Parsing through innerHTML with HtmlAgilityPack

3.2k views Asked by At

Just trying to figure out how to parse information from already parsed information.

foreach (HtmlNode node in doc.DocumentNode.SelectNodes("//div [@class=\"result-link\"]"))
{
    if (node == null)
        Console.WriteLine("debug");
    else
    {
        //string h_url = node.Attributes["a"].Value;
        Console.WriteLine(node.InnerHtml);
    }
}

So you can kind fo see what I am trying to do with the 'string h_url' declaration. Within the "result-link" div class there's an a href attribute that I am trying to grab the href value. So the link basically.

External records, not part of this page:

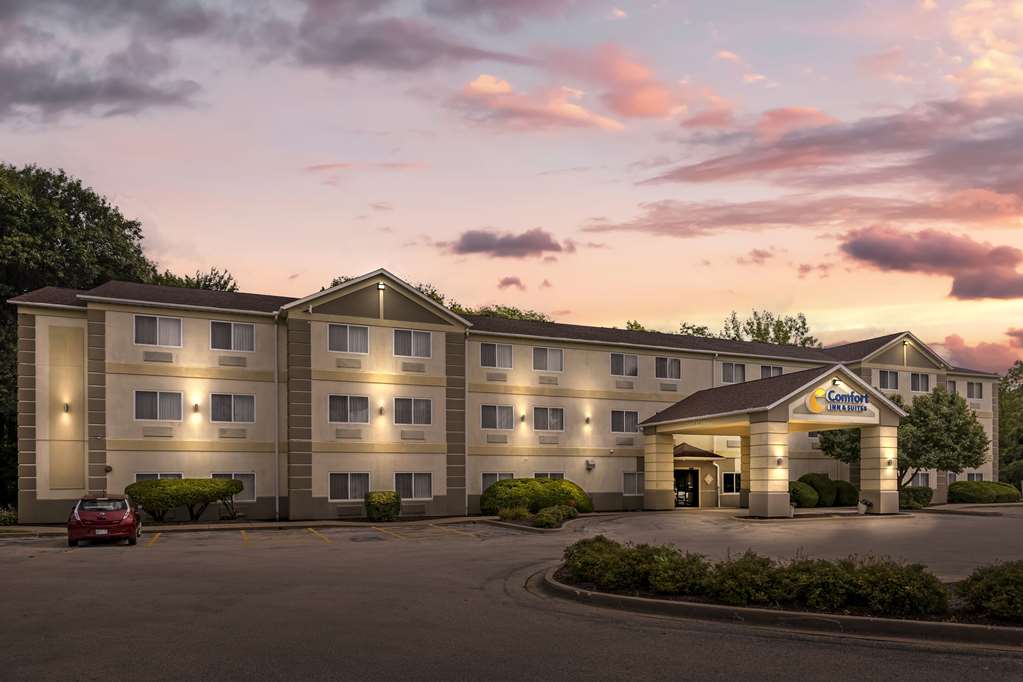 Comfort Inn & Suites East Moline near I 80 - photo 2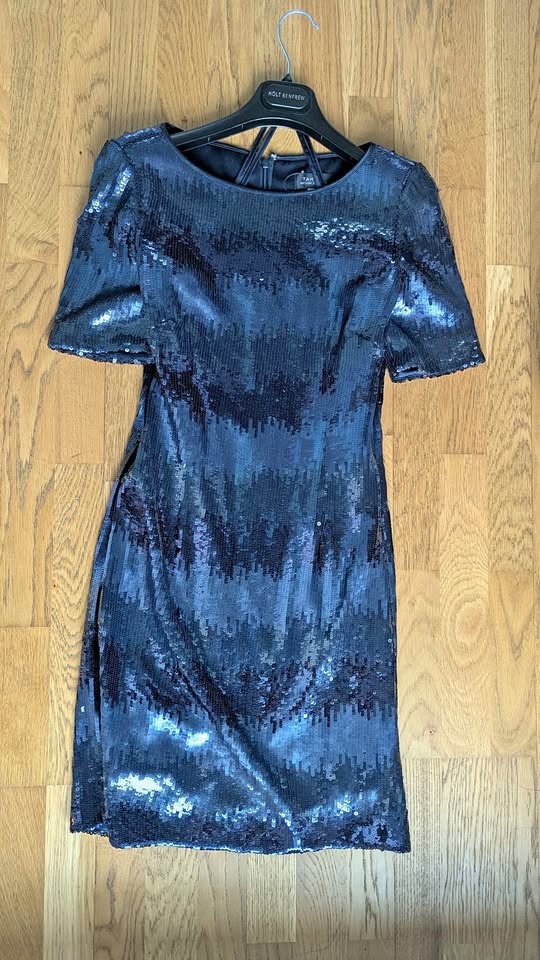 Tahari size 6 Sequin dress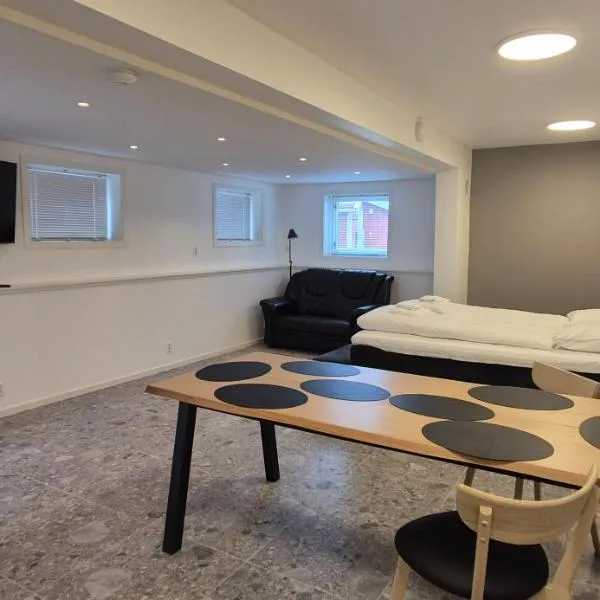 Andøy Vest Apartments Reine, hotel v destinaci Reine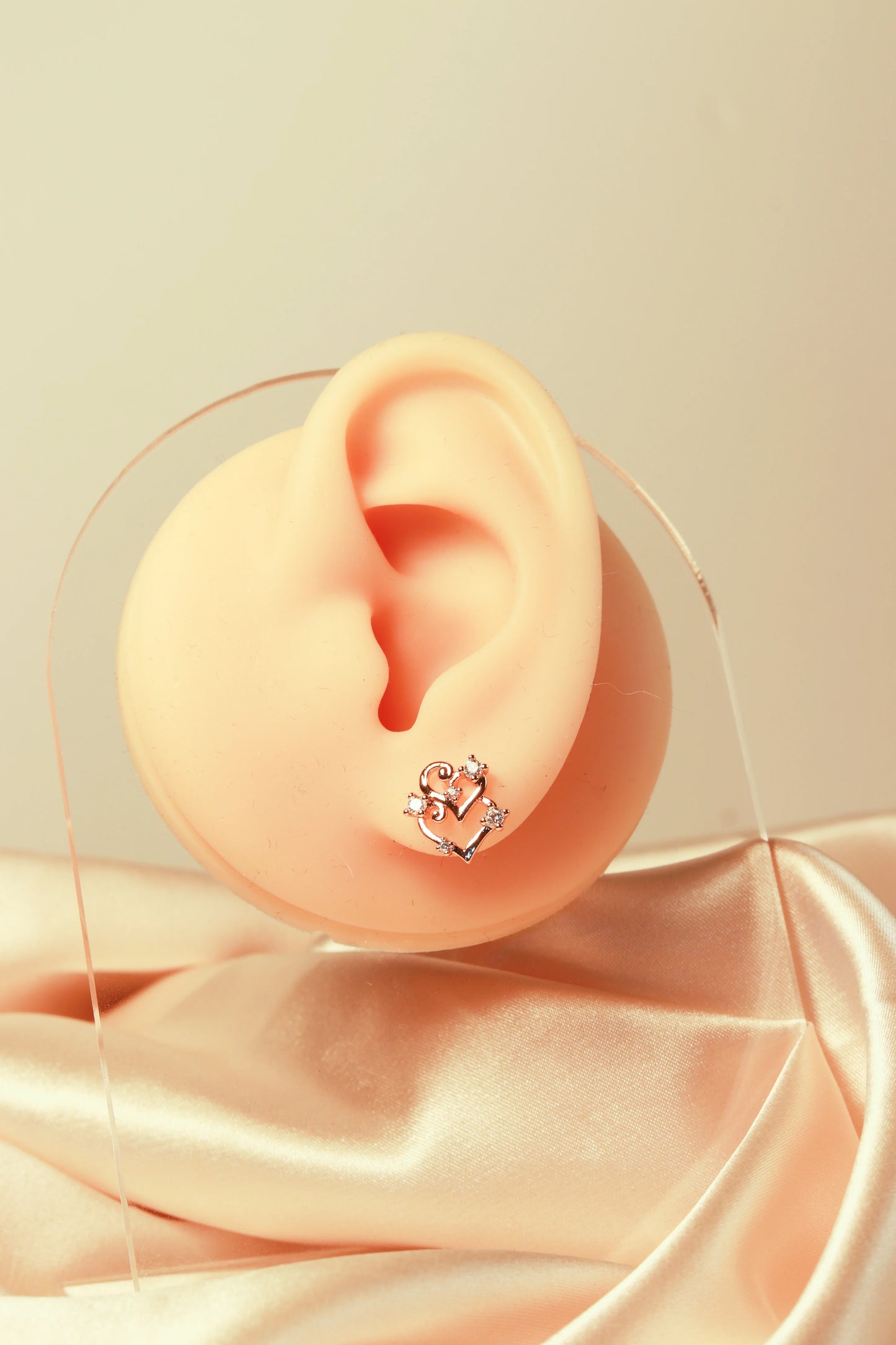 Heart design earrings, heart with three different zircons, simple and versatile, unique style set 10 - Lyra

Can't seem to figure it out. I have tried using the Attributes array:

string h_url = node.Attributes["//a[@href].Value;

With no luck.

1

There are 1 answers

0
JLRishe On BEST ANSWER

You can use XPath to select elements relative to the current node:

HtmlNodeCollection nodes = doc.DocumentNode.SelectNodes("//div[@class='result-link']");
if (nodes != null)
{
    foreach (HtmlNode node in nodes)
    {
        HtmlNode a = node.SelectSingleNode("a[@href]");
        if (a != null)
        {
            // use  a.Attributes["href"];
        }

        // etc...
    }
}